Dr. Grissom: “Sure! Fine, yeah, it ends the war. It ends your whole pre-conception of war. It turns war from a boxing match into a chess game, feigning stalemate from now until the end of time. You should feel right at home.”

The date in Dr. Grissom’s logs is currently July 9th, 1945. Fading in and out of interference, Dr. Grissom explains that they can snap everything back to Philadelphia in 1943, but testing whether or not her device works is next to impossible. She mulls over the situation with Partridge, explaining that there’s only really two options for her device:

  1. Either it does send something back, which effectively means it becomes erased from that timeline’s entire history–so it never would have been what they’d send back–or,
  2. It just seems like sleight of hand; they send something back, but they have no proof it was actually sent back instead of just cleverly disappeared.

Partridge suggests that Dr. Grissom gives herself a break, maybe gets out of Polvo for a little while–even though she’s not allowed outside of the town. Dr. Grissom says they don’t have enough time, that she, Roberts, and Wyatt have all been putting all of their waking moments into this project. At this, he insists they leave. He tells them all that they’re taking an impromptu road trip to Las Vegas, and that because he is calling it company business, they cannot refuse. Partridge says he’ll bring along his wife, Helen Partridge, and one of his assistants, Quentin Barlowe.

Hiding Dr. Grissom as best they can, the group heads off on their road trip. During the drive, Roberts asks more about Manhattan, but Dr. Grissom doesn’t give up any information. Dr. Grissom and Wyatt debate whether Superman or The Flash (Jay Garrick, naturally) is faster, and Helen Partridge sings. Eventually, Anthony Partridge talks about the time he was made to go to Dorney Parkeven though he had a paper due–and then was forgotten there for three hours by his grandmother. He didn’t have any epiphany while there; instead, the time crunch just helped him focus on the task at hand. Partridge assures them that they’ll be fine eventually, and that they shouldn’t be killing themselves with work.
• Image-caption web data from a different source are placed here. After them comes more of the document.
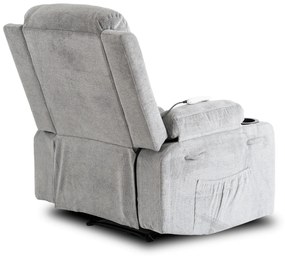 Fotel Masujący BOX 2 Rozkładany z Podnóżkiem Szary Nowoczesny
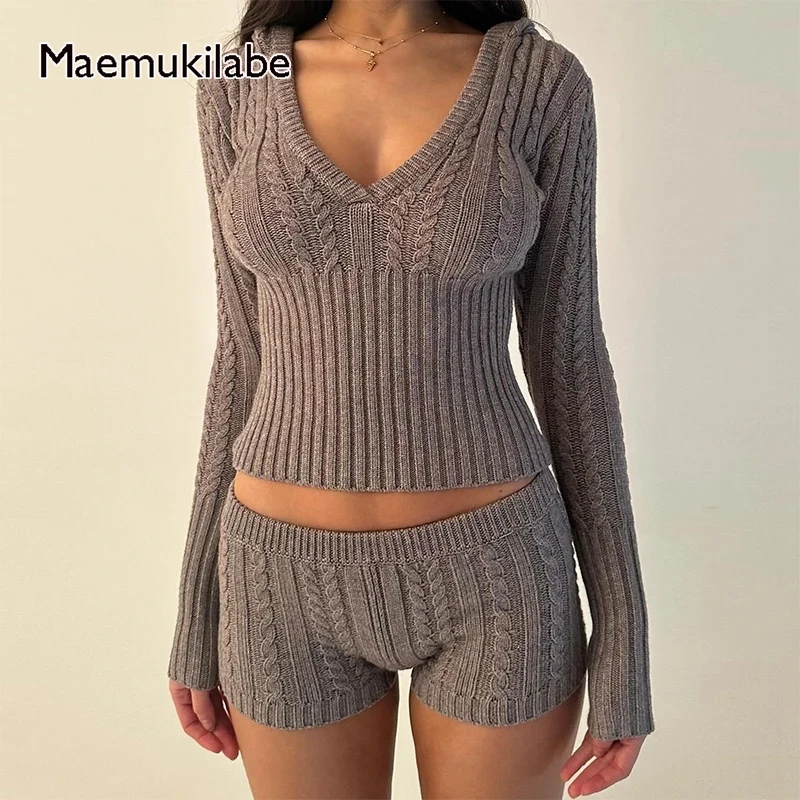 Maemukilabe Kink Knitted 2 Piece Set Women Crop Sweater Pullovers + Slim Fit Shorts 90s Vintage Zipper Cardigans Hooded Outfits
Maemukilabe Kink Knitted 2 Piece Set Women Crop Sweater Pullovers + Slim Fit Shorts 90s Vintage Zipper Cardigans Hooded Outfits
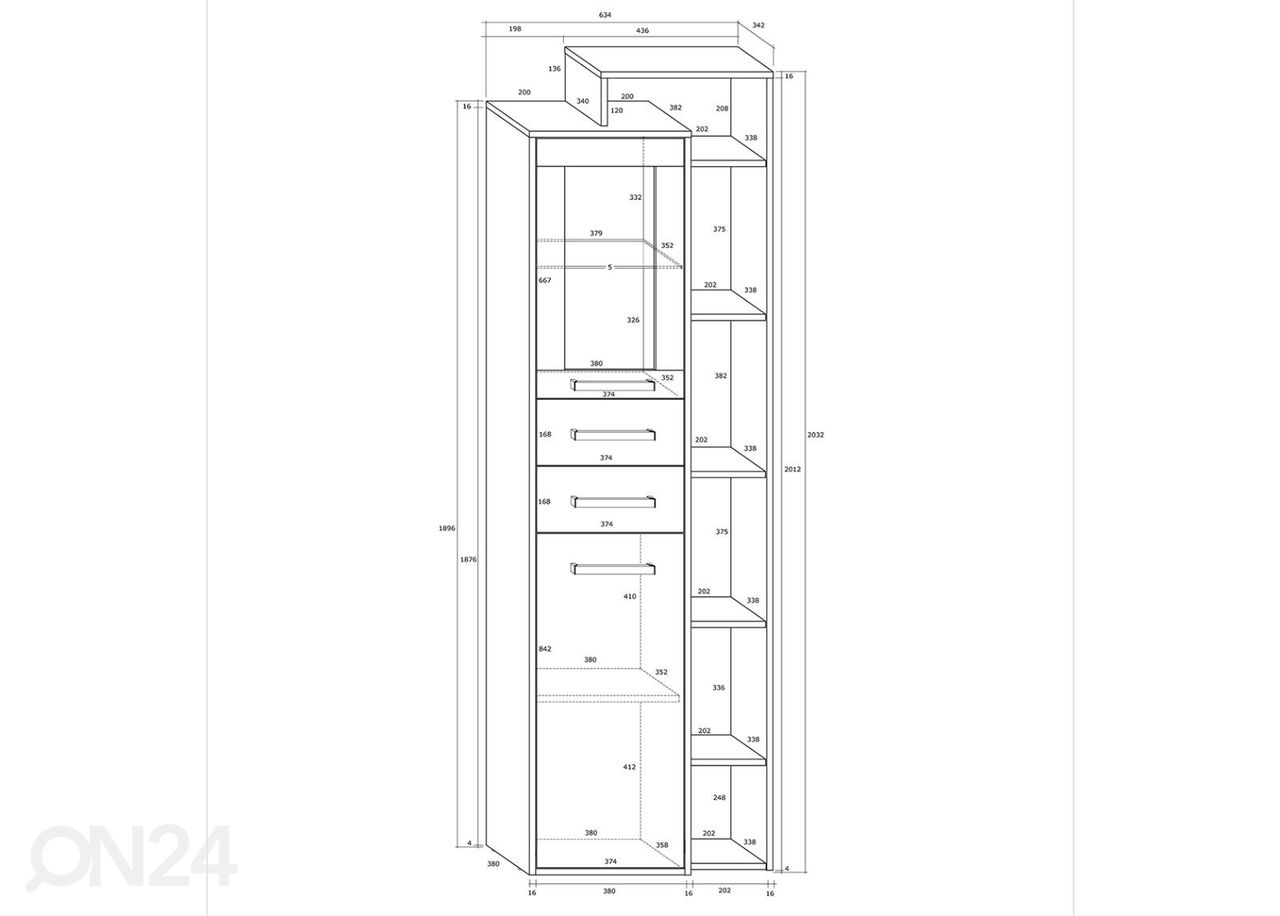 Vitriinkapp Macroom 64 cm suurendatud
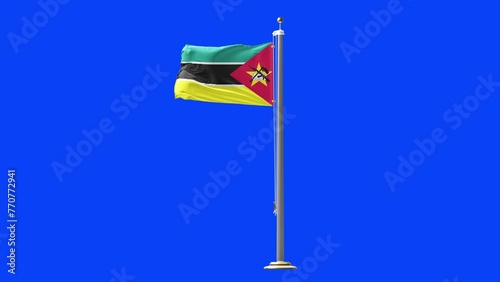 3d animation of Mozambique flag rising photo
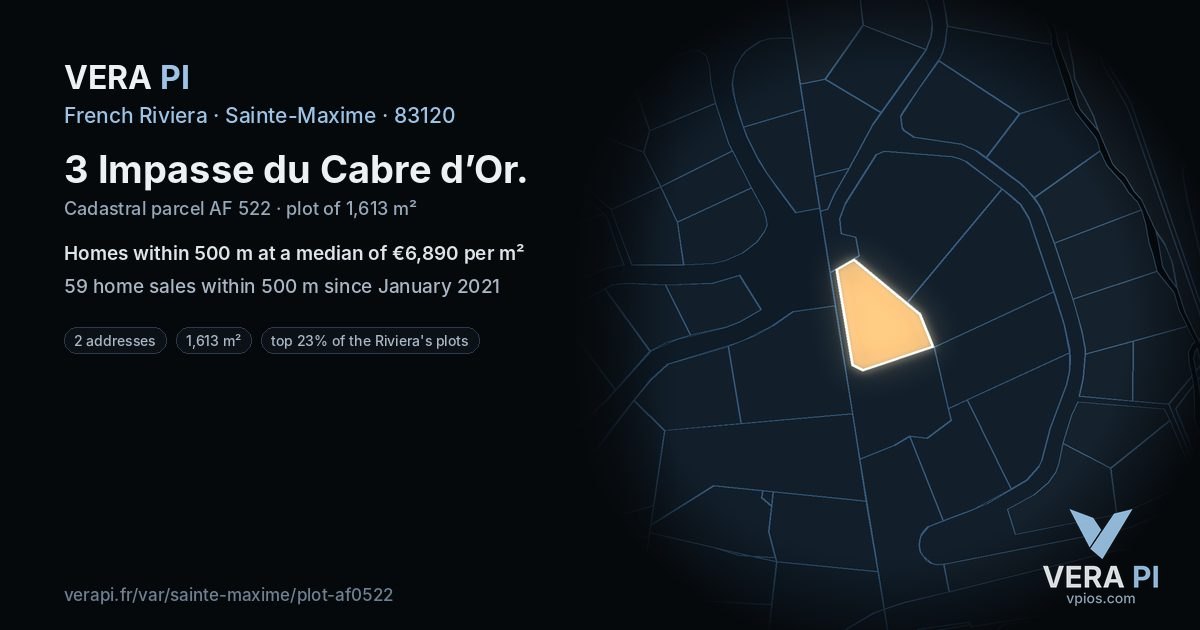3 Impasse du Cabre d’Or, Sainte-Maxime at night – the plot lit, the parcels around coloured by the prices near them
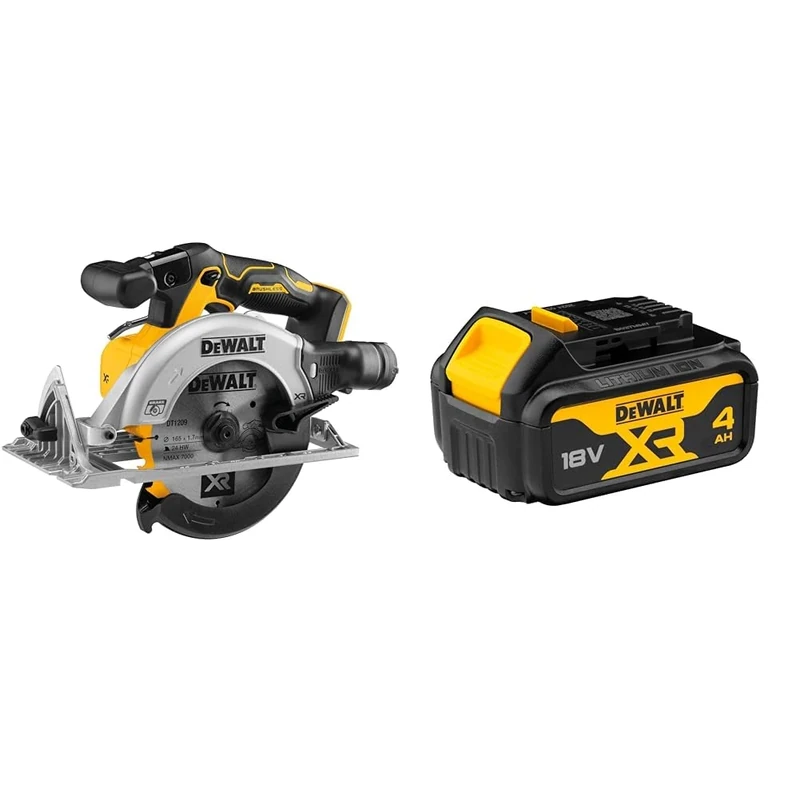 DEWALT DCS565N-XJ 18V XR 165mm Circular Saw, Bare Unit + DEWALT Battery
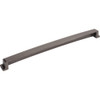 Jeffrey Alexander 305 mm Center Brushed Pewter Square-to-Center Square Renzo Cabinet Cup Pull 141-305BNBDL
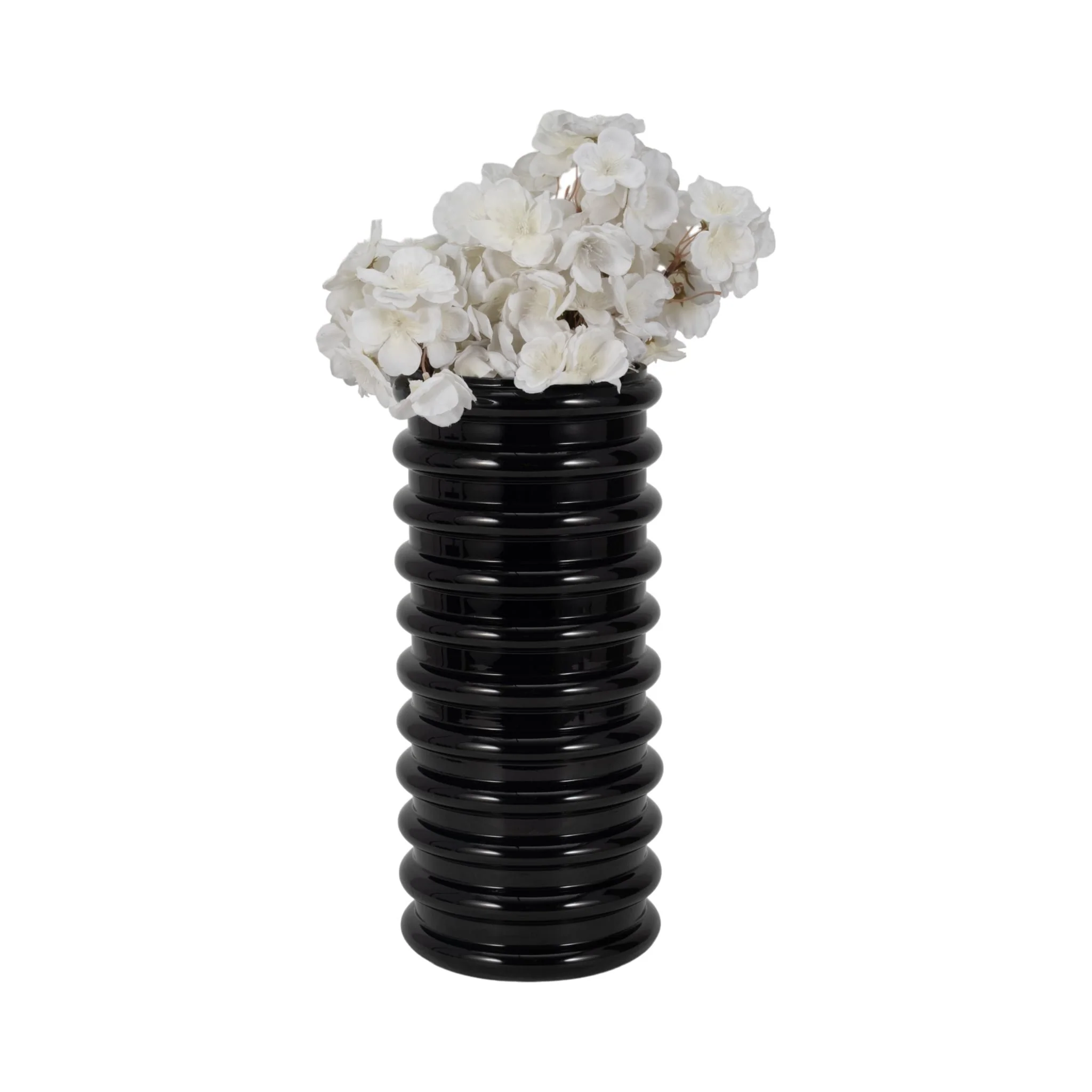 Glass, 14"h, Scallop Vase, Black - Image 2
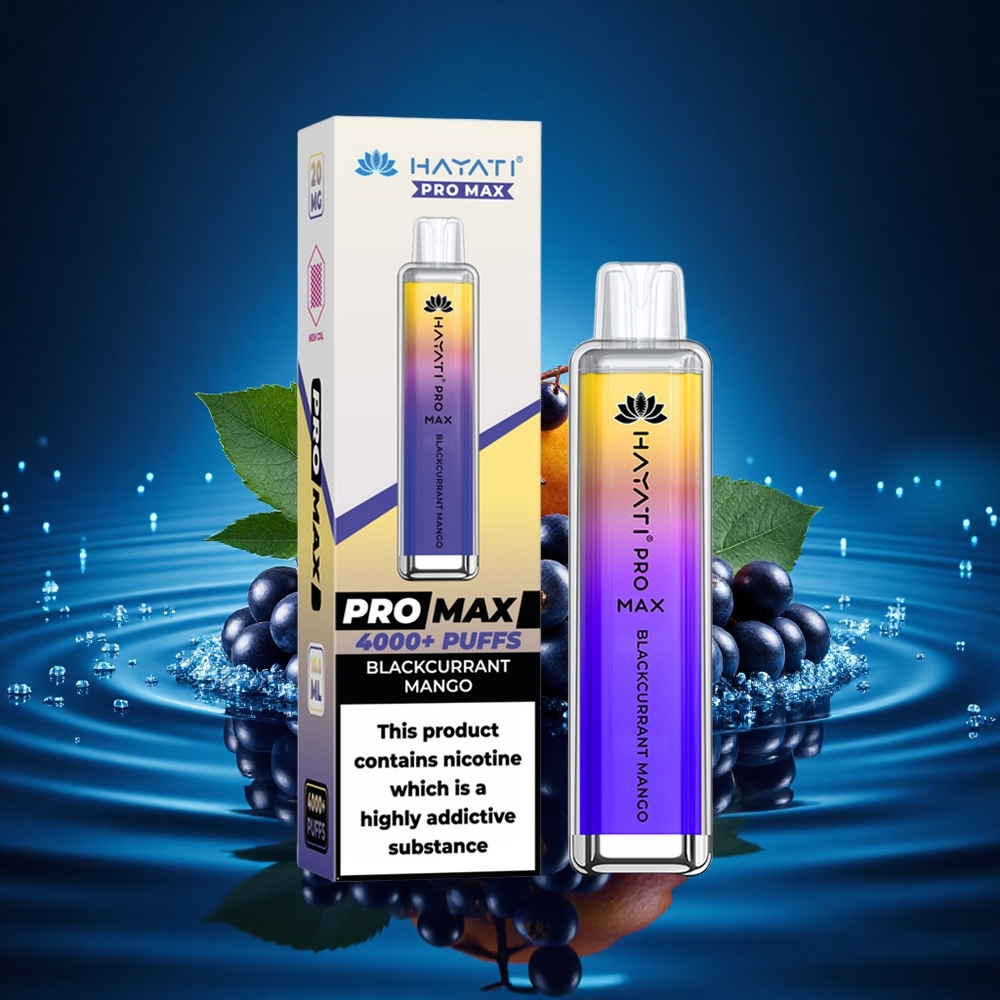 Hayati Pro Max 4000 Puffs Grosella Negra Mango Dual 1.1 Ohm LED Cristal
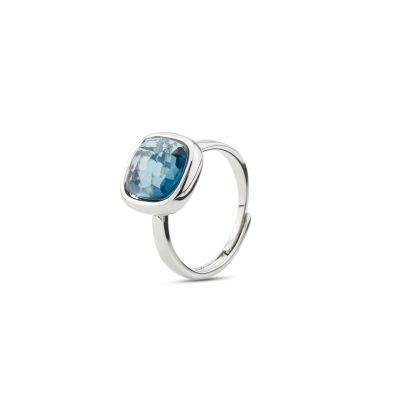 XAN206B Rhodium plated ring with medium london blue crystal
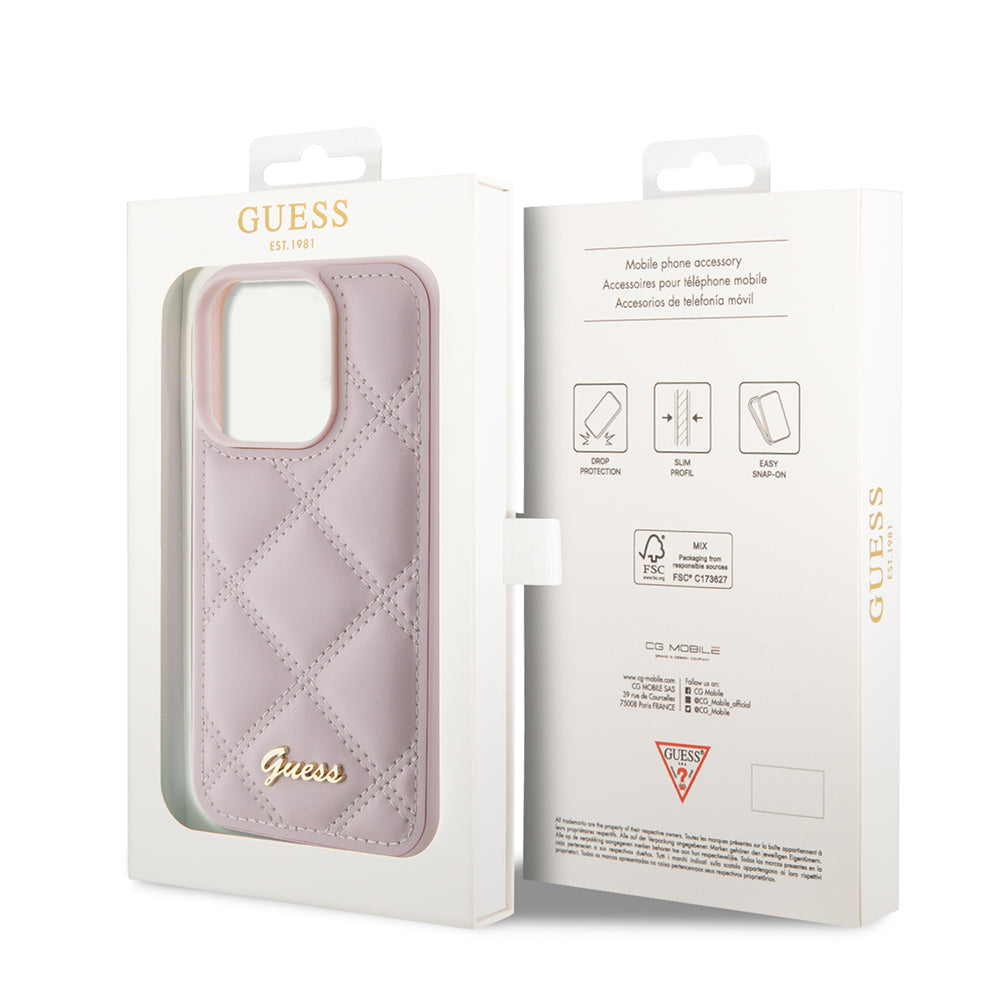 Θήκη για Apple iPhone 15 Pro, Guess, Quilted Metal Logo, Ροζ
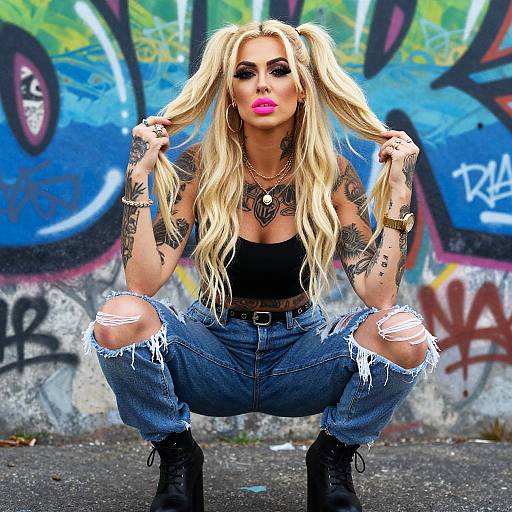 Photograph of a tattooed blonde woman with pink lipstick, black tube top, ripped jeans, and black boots, squatting in front of vibrant graffiti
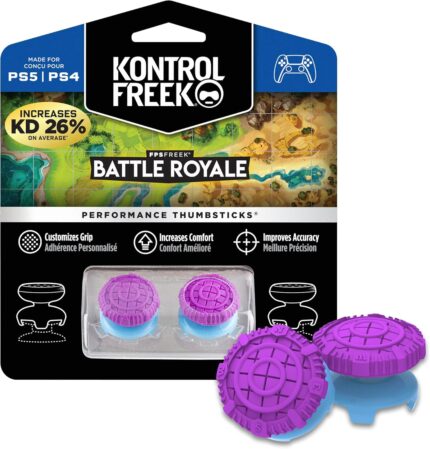 KontrolFreek FPS Freek Battle Royale Performance Thumnbsticks for PlayStation 4 (PS4) and PlayStation 5 (PS5) | 2 High-Rise Convex | Purple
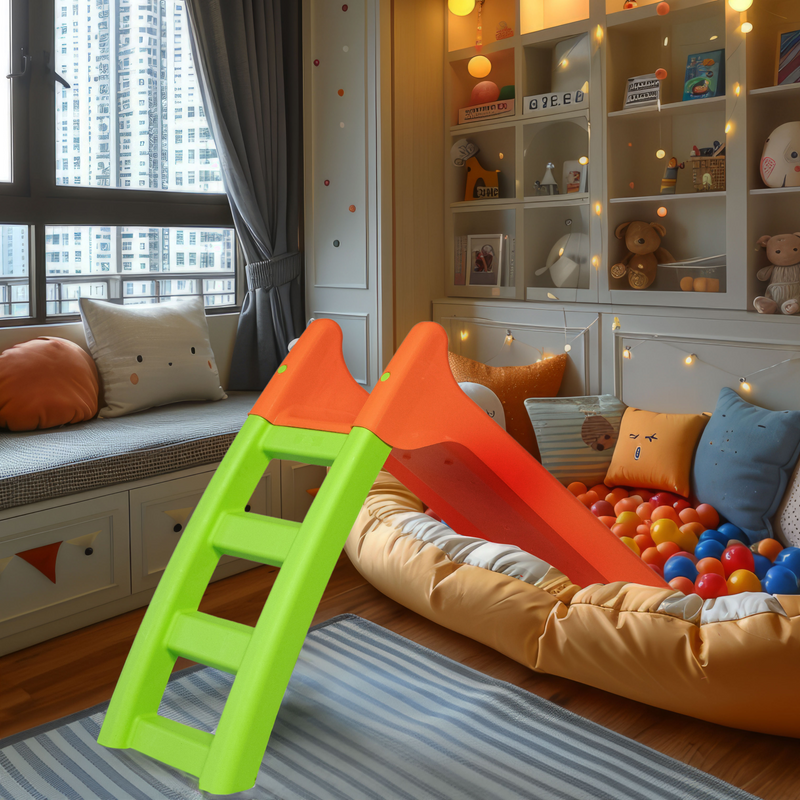 Kids First Indoor Outdoor Slide - Orange & Green - Garden Slide 100cm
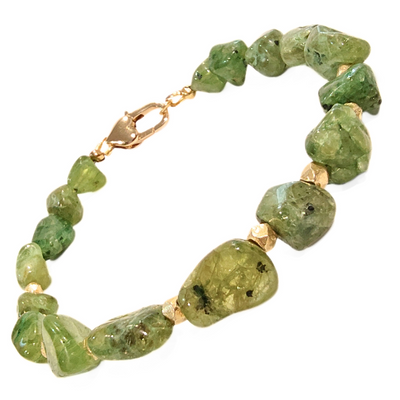 SM-459 Peridot with Gold Filled Bead Bracelet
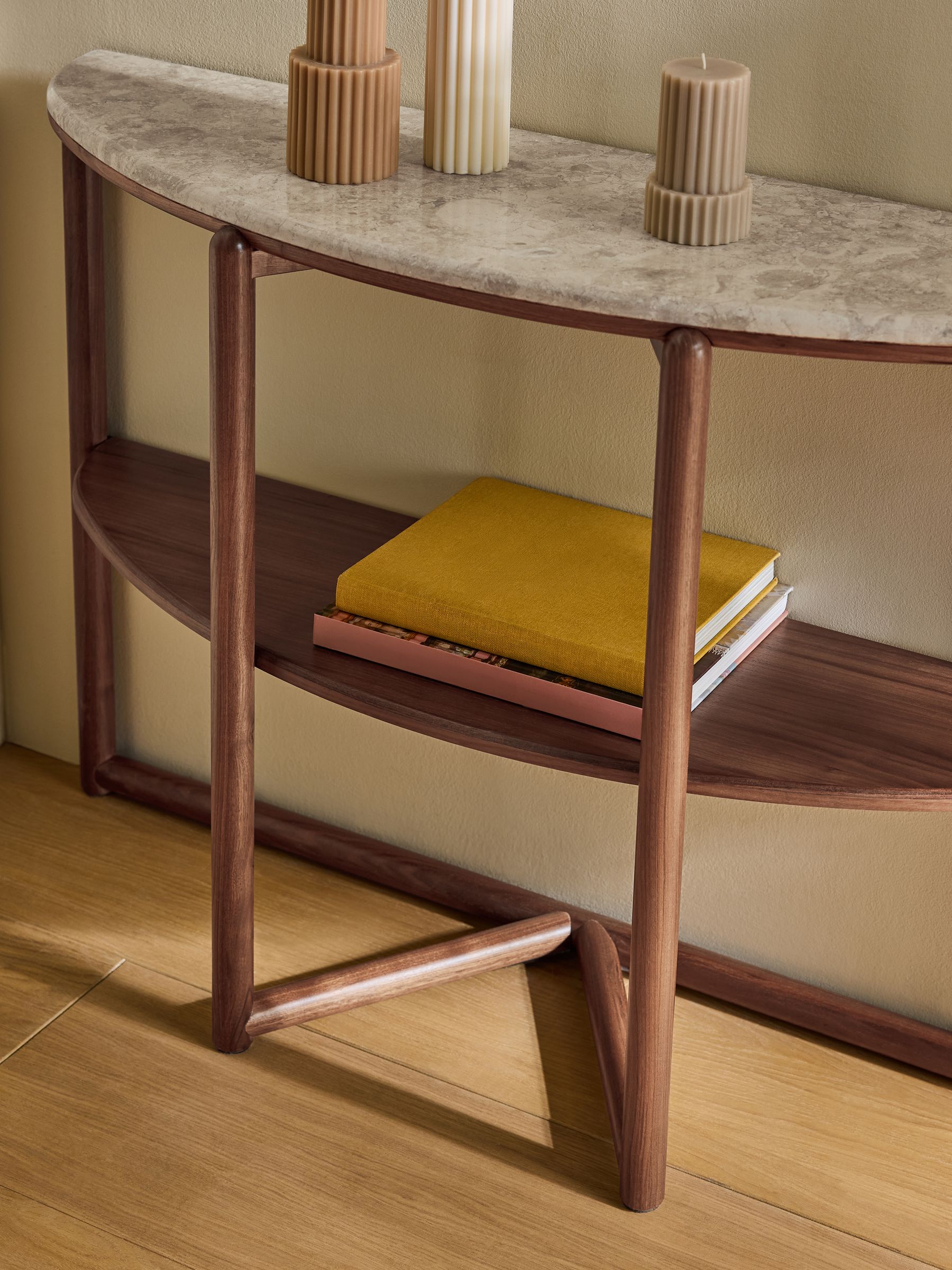 Everett Console Table in Walnut and Marble - Image 2 of 6 Everett Console Table in Walnut and Marble - Image 2 of 6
The group spends the night in Las Vegas, Barlowe being essentially silent and Wyatt winding up too drunk to get to their hotel room by morning. Dr. Grissom teaches them card counting blackjack, which Roberts uses to win match after match. Using the winnings, Dr. Grissom goes to the bar , where she runs into a fellow physicist from New Mexico–though this one works at Los Alamos, the Polvo equivalent for Project Manhattan. Dr. Grissom tells him she knows what he’s working on, and he takes a moment to confide in her. Thinking about what he’s working on, he says:

“All those people. I see their faces in my dreams. Millions of voices engulfed by roaring flames. Their blood is on my hands. The silence weighs on me. So, I’m drinking. Drinking ’til I’m flat on my back or the world ends. Whichever comes first.”

The Trinity Test, the first test of a nuclear device, is scheduled for the next morning.

Drinks in hand, Dr. Grissom goes back to where her group was, only to find that they’re not there; the casino staff kicked them out after they loudly discussed their card counting methods. But this isn’t nearly as unfortunate as what happens next: Dr. Grissom is placed under arrest for violation of the Espionage Act.

“03: Trinity, Act II”

Switching between recordings from their next hotel room and the car on the way back to Polvo. Dr. Grissom realizes that the man who’s arresting her is Chet Whickman, the man who originally found and saved her on the USS Eldridge. Whickman’s moved from the ship to Polvo, like Dr. Grissom has. Dr. Grissom voices her frustration about her lack of autonomy, and Whickman points out there in Polvo, she has friends, a house, and good work. Had she landed anywhere else in 1943, she’d probably be institutionalized for saying she was a physicist time traveler. The two essentially agree to disagree on whether or not Dr. Grissom should be happy about her lot in life right now.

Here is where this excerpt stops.